Opposition: Iran rulers more brutal than shah

TEHRAN, Iran — Iran’s embattled opposition leaders accused the government of becoming more brutal than the shah’s regime in Web statements today, and authorities announced a new Internet crackdown aimed at choking off the reform movement’s last real means of keeping its campaign alive.

Two of Iran’s top pro-reform figures said police used excessive force against anti-government protesters who took to the streets last week on the sidelines of state-sanctioned rallies to mark the 30th anniversary of the U.S. Embassy takeover.

Mir Hossein Mousavi and Mahdi Karroubi, who lead the protest movement rejecting the legitimacy of President Mahmoud Ahmadinejad’s June re-election, said authorities wielding batons even struck women on their heads. They called such treatment an ugly act that was not even seen during Shah Mohammad Reza Pahlavi’s response to the 1979 Islamic revolution that toppled him.

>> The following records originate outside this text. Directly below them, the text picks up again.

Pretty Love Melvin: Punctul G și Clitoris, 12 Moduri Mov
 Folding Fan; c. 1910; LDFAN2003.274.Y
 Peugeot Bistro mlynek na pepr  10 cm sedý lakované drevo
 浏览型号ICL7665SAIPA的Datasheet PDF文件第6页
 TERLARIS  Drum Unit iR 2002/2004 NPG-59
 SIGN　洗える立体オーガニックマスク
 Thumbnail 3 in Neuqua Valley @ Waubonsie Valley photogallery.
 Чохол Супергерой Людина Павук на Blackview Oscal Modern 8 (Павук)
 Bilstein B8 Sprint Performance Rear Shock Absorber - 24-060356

“I can’t understand why they should treat people like this,” Karroubi was quoted as saying by several opposition Web sites. “… I struggled against the Pahlavi regime for 15 years … but there were no such crackdowns.”

Such Web statements have been the mainstay of an opposition movement struggling to stay alive despite being brutally swept off the streets in the weeks after the June 12 election. Mousavi and his supporters contend that he was the rightful winner of the vote, but that Ahmadinejad was fraudulently declared the winner.

In a clear effort to silence the opposition’s Internet outlet, Iranian authorities announced they were deploying a special police unit to sweep Web sites for political material and prosecute those deemed to be spreading lies, Iranian media reported today.

Most opposition Web sites are already banned, but activists have continued to set up new sites within days of the old ones being blocked.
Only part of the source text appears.